Figure 1. oPFC BDNF and oPFC-ventrolateral striatum interactions regulate action-outcome associative conditioning

(a) Composites represent virus and lesion spreads in these experiments, with gray representing the largest spread and black the smallest. At bottom left, representative viral-mediated EGFP expression in the oPFC (green). Bottom right, excitotoxic lateral striatum lesion (red) counterstained with NeuN (green). (b) oPFC-targeted Bdnf knockdown and oPFC-ventrolateral striatum disconnection impaired instrumental response acquisition, particularly when the reinforcement schedule escalated from a fixed ratio (FR) to random interval (RI) schedule of reinforcement in the final 2 conditioning sessions. (c) Mice with oPFC-targeted Bdnf knockdown and oPFC-ventrolateral striatum disconnection were insensitive to action-outcome contingency degradation: While control groups developed a preference for the non-degraded instrumental aperture after action-outcome contingency degradation, response rates in knockdown and disconnection mice did not vary from baseline (compare to final session in b). (d) Moreover, response acquisition in an instrumental reversal task sensitive to oPFC lesions was also impaired. (e) These response patterns are shown again with the addition of responding on the previously reinforced aperture (“extinction”). As is summarized in the right panel, all mice initially respond preferentially on the previously reinforced aperture during the first session, but by the fourth reversal session, control and ipsilateral mice respond preferentially on the newly reinforced aperture, while the contralateral and Bdnf knockdown groups fail to differentiate between the reinforced and extinguished apertures. (f) Orbitofrontal cortical Bdnf knockdown reduced BDNF expression in the downstream lateral striatum and amygdala, and (g) Striatal c-Fos expression predicted response rates on the reinforced aperture at the end of instrumental training (individual mice are represented; black=control group). (h) Despite these deficiencies, both Bdnf knockdown and contralateral lesions spared sensitivity to satiety-specific outcome devaluation, which decreased response rates in all groups. (i) Our model is shown: We hypothesize that while the lateral striatum coordinates stimulus-response habits as been previously reported, the ventrolateral compartment regulates, under certain circumstances, outcome-based decision-making. Means+SEMs. *p<0.05;**p<0.001.
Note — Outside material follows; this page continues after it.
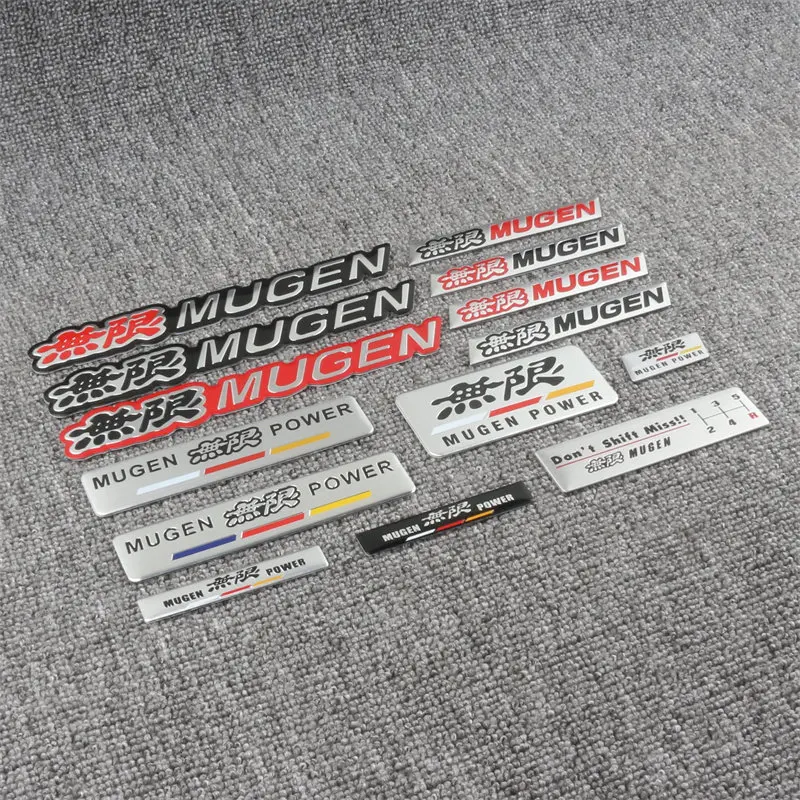 Suitable for Jade Fit Accord Civic Personalized Modification Unlimited Mugen Car Logo Decoration Car Sticker Scratch Emblem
Figure 2. oPFC BDNF regulates cocaine-conditioned place preference

Bdnf knockdown enhanced sensitivity to cocaine-associated stimuli, as evidenced by increased place preference relative to baseline after only 2 cocaine-place pairings (“early test”). All mice ultimately acquired cocaine-conditioned place preference (“late test”), but preference failed to normalize in Bdnf-deficient mice when saline replaced cocaine (“unpaired”). Inset: preference in 5-min bins during the unpaired test. Means+SEMs. *p<0.05;**p<0.001.